[pmg-devel] [PATCH pmg-api 2/2] ruledb: content-type: add flags for source of matching
Dominik Csapak
d.csapak at proxmox.com
Mon Feb 17 14:03:55 CET 2025
code looks mostly fine (some comments inline)
but one higher level question:
does it really make sense to expose 3 settings for this?
e.g. wouldn't it much more simple to have a 'default' and 'strict' mode
where 'strict' only matches on the contents file type?

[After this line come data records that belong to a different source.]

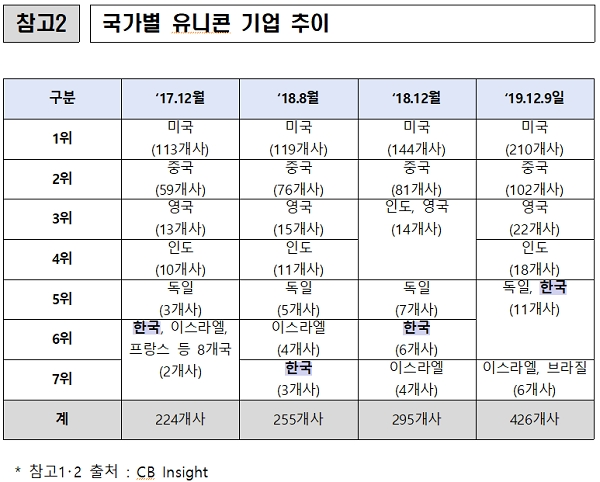 [자료 출처= 중소기업벤처부]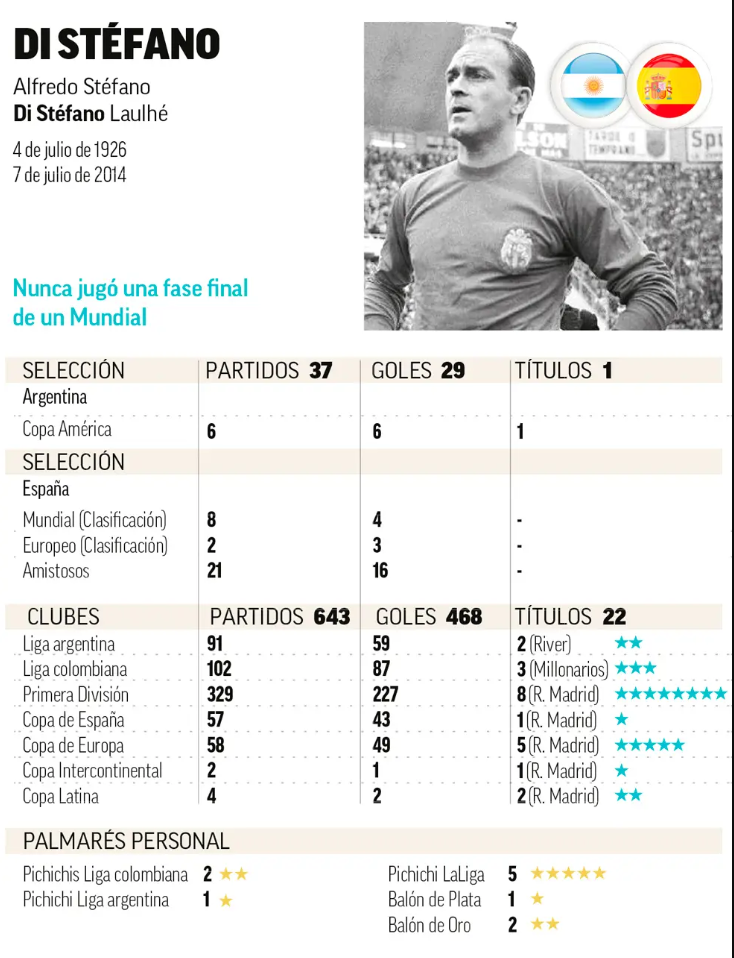 دیستیفانۆ - پلەی چوارەم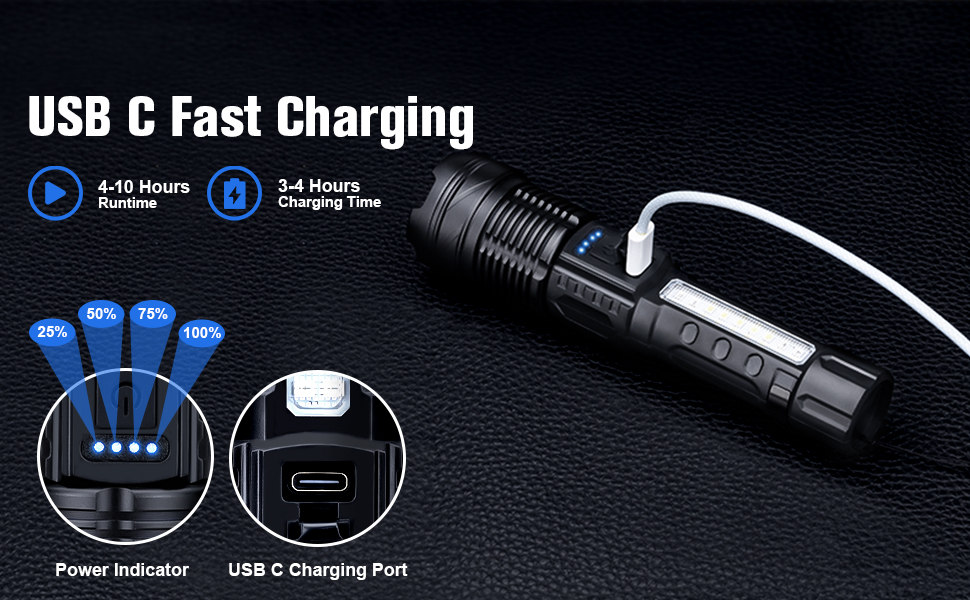Flashlights High Lumens Rechargeable 2 Packs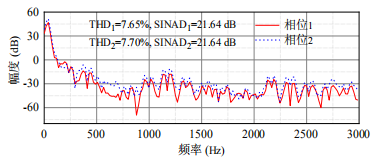 THD分析結果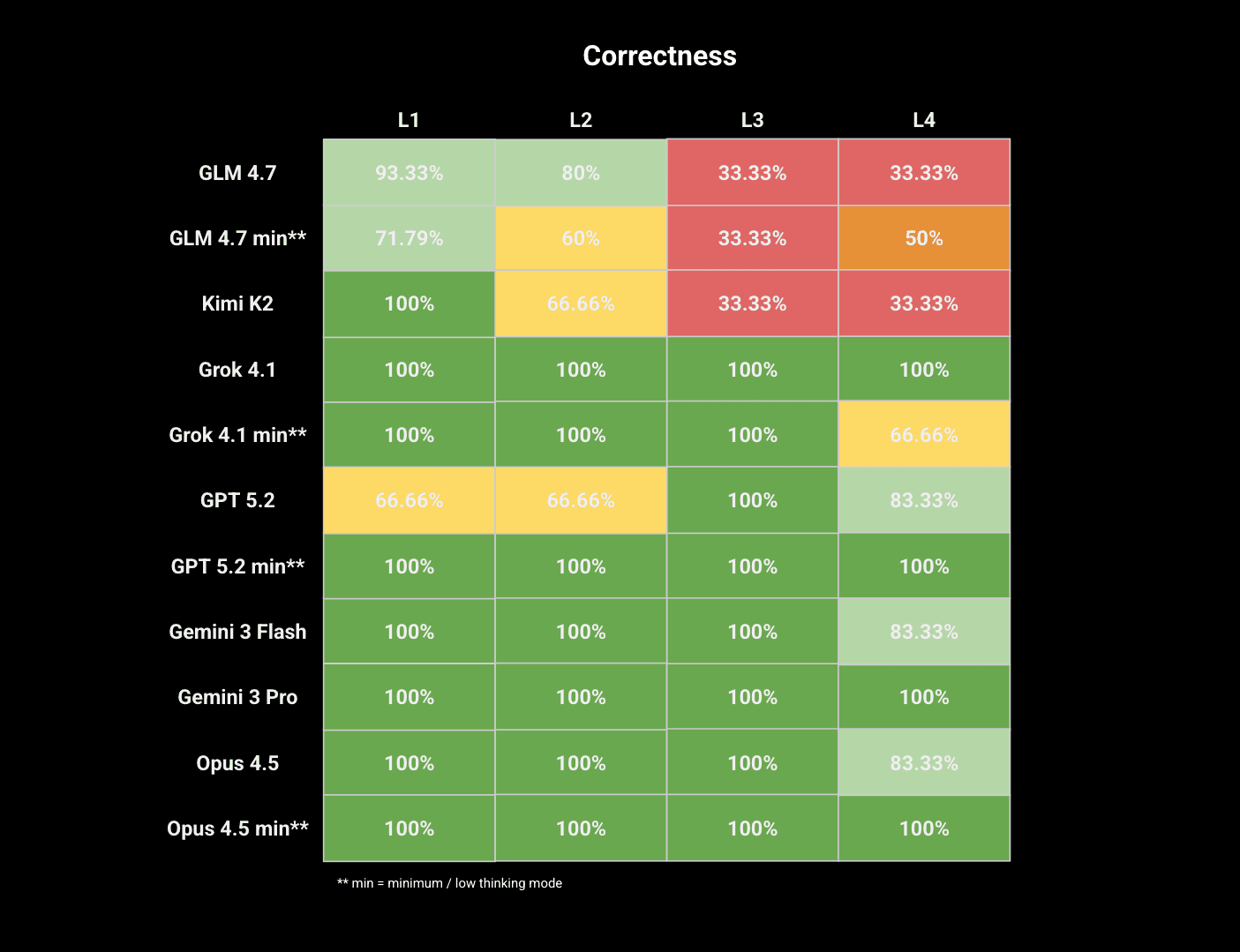 Correctness results by model and difficulty level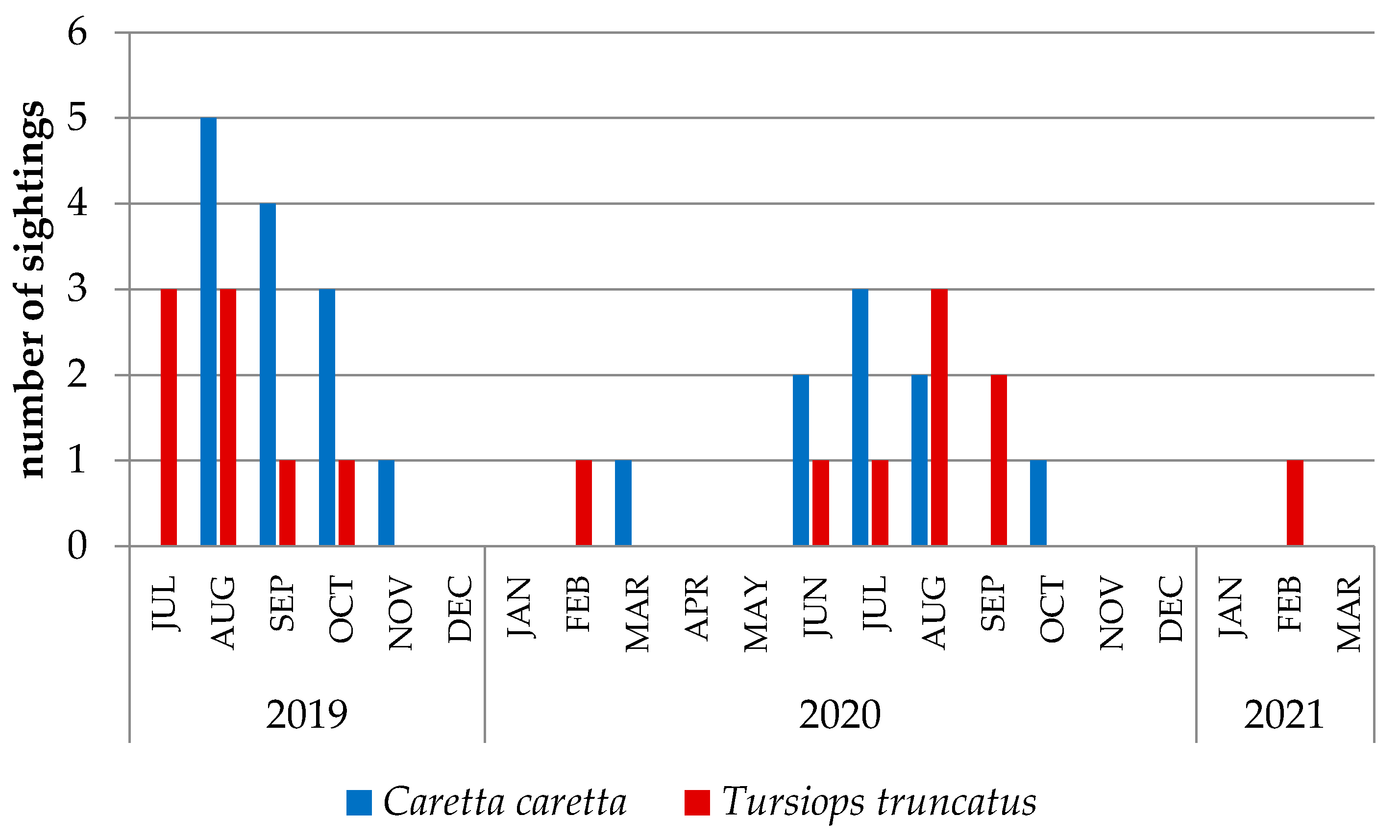 Diversity 13 00224 g011 Diversity 13 00224 g011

both filename&header can be set aribtrarily by the sender, so doing
filtering based on that seem dangerous?
Or is there some specific use case that makes it necessary
to specify all 3 sources separately ?
On 2/12/25 16:12, Stoiko Ivanov wrote:
> our current content-type matching is sensibly quite cautious in
> matching if any available information indicates a potential match:
> * mime-type detection based on file contents
> * mime-type detection based on file suffix
> * content-type header
>
> Sometimes this can lead to surprises (e.g. when a MUA sets the
> filetype of a pdf to application/octet-stream (the default type if no
> information is available).
>
> This change gives users the option to rely only on some of the sources
> for matching.
>
> This is a fix for the intial request in #2691 and addresses the
> suggestion from Friedrich from:
> https://bugzilla.proxmox.com/show_bug.cgi?id=5618#c2
>
> inspired by the changes for disclaimer released with PMG 8.1:
> 51d1507 ("fix #2430: ruledb disclaimer: make separator configurable")
>
> Signed-off-by: Stoiko Ivanov <s.ivanov at proxmox.com>
> ---
> src/PMG/RuleDB/ContentTypeFilter.pm | 91 +++++++++++++++++++++++++++--
> 1 file changed, 86 insertions(+), 5 deletions(-)
>
> diff --git a/src/PMG/RuleDB/ContentTypeFilter.pm b/src/PMG/RuleDB/ContentTypeFilter.pm
> index 0199311..0dafa64 100644
> --- a/src/PMG/RuleDB/ContentTypeFilter.pm
> +++ b/src/PMG/RuleDB/ContentTypeFilter.pm
> @@ -26,7 +26,7 @@ sub otype_text {
> }
>
> sub new {
> - my ($type, $fvalue, $ogroup) = @_;
> + my ($type, $fvalue, $ogroup, $header, $magic, $glob) = @_;
>
> my $class = ref($type) || $type;
>
> @@ -36,6 +36,9 @@ sub new {
> }
>
> my $self = $class->SUPER::new('content-type', $fvalue, $ogroup);
> + $self->{header} = $header;
> + $self->{magic} = $magic;
> + $self->{glob} = $glob;
>
> return $self;
> }
> @@ -52,9 +55,53 @@ sub load_attr {
> $obj->{field_value} = $nt;
> }
>
> + my $sth = $ruledb->{dbh}->prepare(
> + "SELECT * FROM Attribut WHERE Object_ID = ?");
> +
> + $sth->execute($id);
> +
> + $obj->{header} = $obj->{magic} = $obj->{glob} = 1;
> +
> + while (my $ref = $sth->fetchrow_hashref()) {
> + if ($ref->{name} =~ /^(header|magic|glob)$/) {
> + $obj->{$1} = $ref->{value};
> + }
> + }
> +
> + $sth->finish();
> +
> + $obj->{id} = $id;
> +
> + $obj->{digest} = Digest::SHA::sha1_hex(
> + $id, $value, $ogroup, $obj->{header} // 1, $obj->{magic} //1 , $obj->{glob} // 1);
missing whitespace: '//1' -> '// 1'
> +
> return $obj;
> }
>
> +sub save {
> + my ($self, $ruledb) = @_;
> +
> + if (defined($self->{id})) {
> + #update - clean old attribut entries
> + $ruledb->{dbh}->do(
> + "DELETE FROM Attribut WHERE Object_ID = ?",
> + undef, $self->{id});
> + }
> +
> + $self->{id} = $self->SUPER::save($ruledb);
> +
> + for my $prop (qw(header magic glob)) {
> + if (defined($self->{$prop})) {
> + $ruledb->{dbh}->do(
> + "INSERT INTO Attribut (Value, Name, Object_ID) VALUES (?, ?, ?) ".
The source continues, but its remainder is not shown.